## Given information
————————

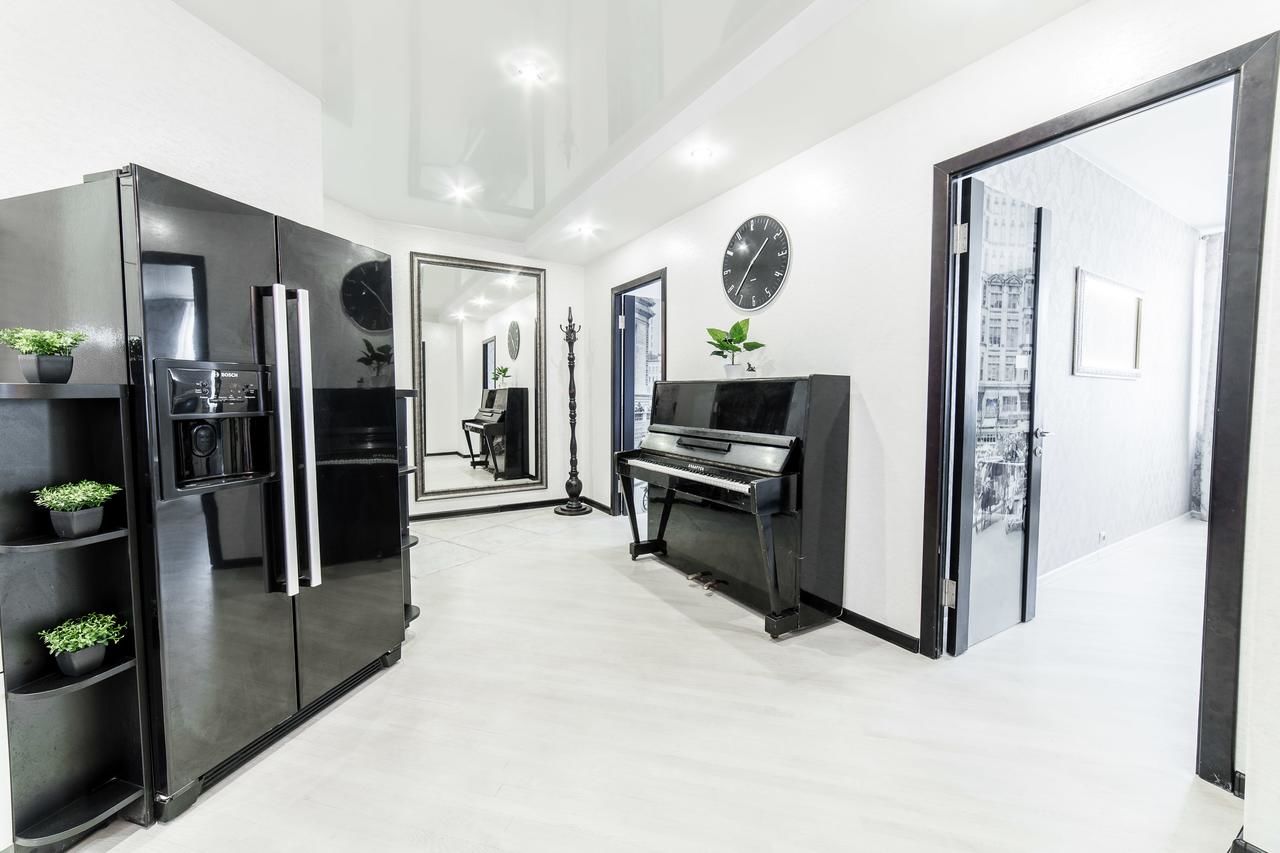 Апартаменты MGApartments 3 rooms Miasnikova sq. VIP Минск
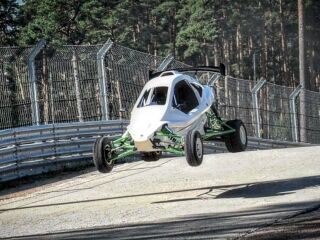 SpeedCar Xtrem 0.8 120kW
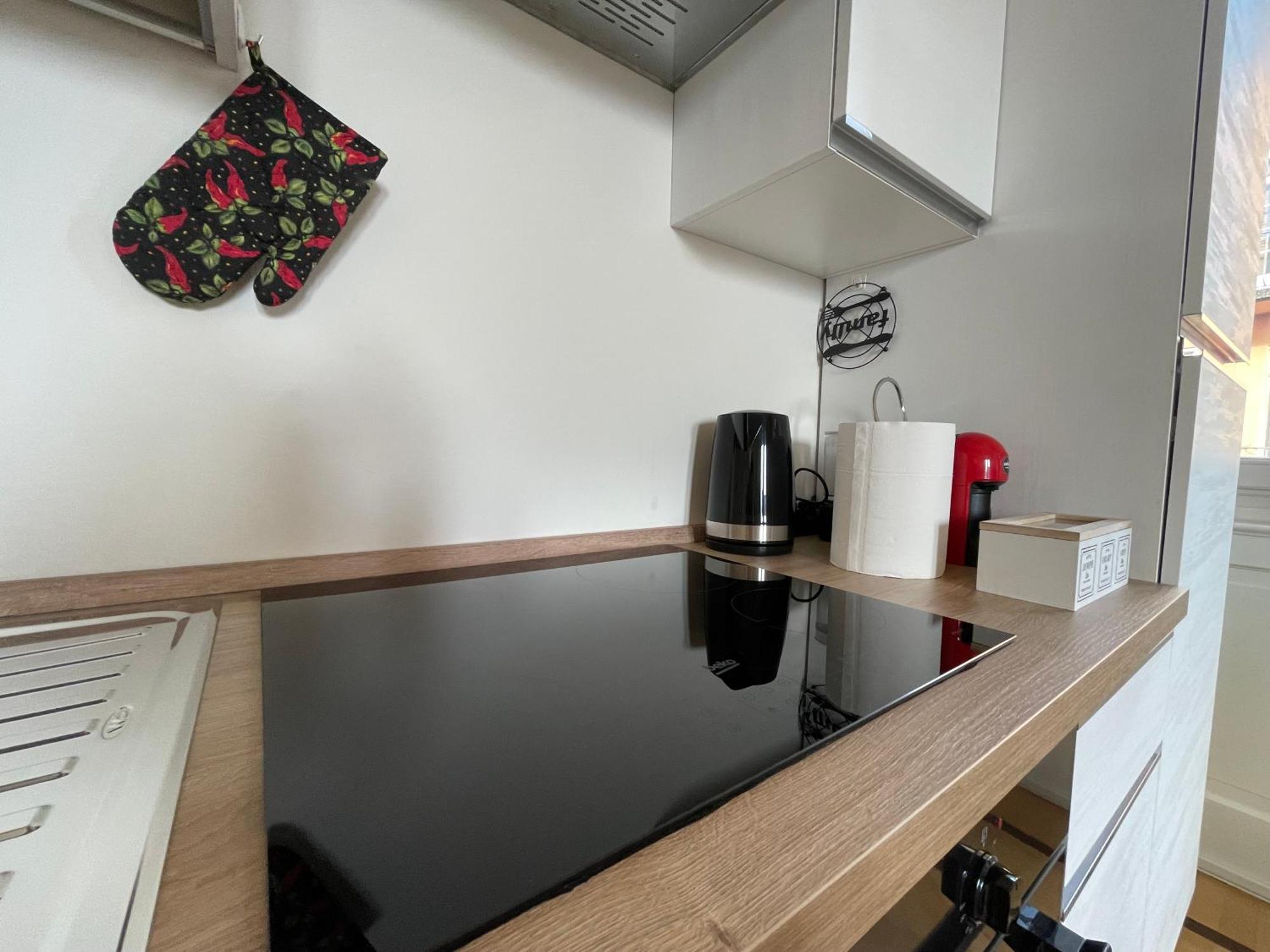 Bg Royal Con Parcheggio - Vista Citta Alta Apartamento *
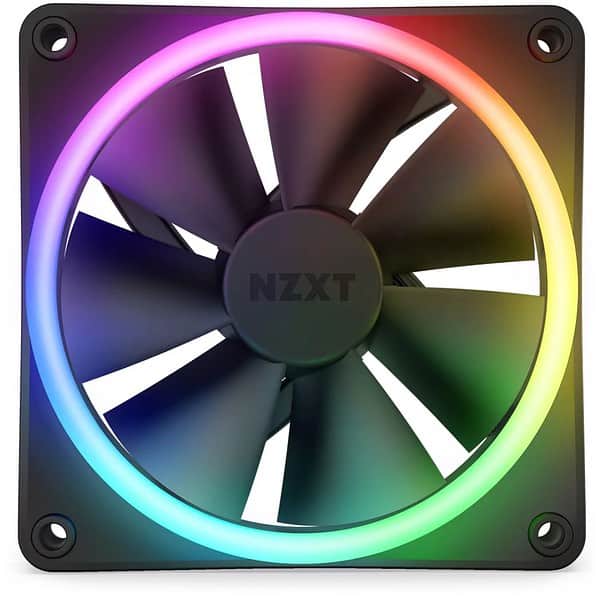 NZXT F120 RGB DUO BLACK1 - LXINDIA.COM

————————

## Work item
When you reach the line that contains "SpeedCar Xtrem 0.8 120kW", start copying the listing word for word and stop only after its last line, without any pictures.

## Reply
 SpeedCar Xtrem 0.8 120kW
 Bg Royal Con Parcheggio - Vista Citta Alta Apartamento *
 NZXT F120 RGB DUO BLACK1 - LXINDIA.COM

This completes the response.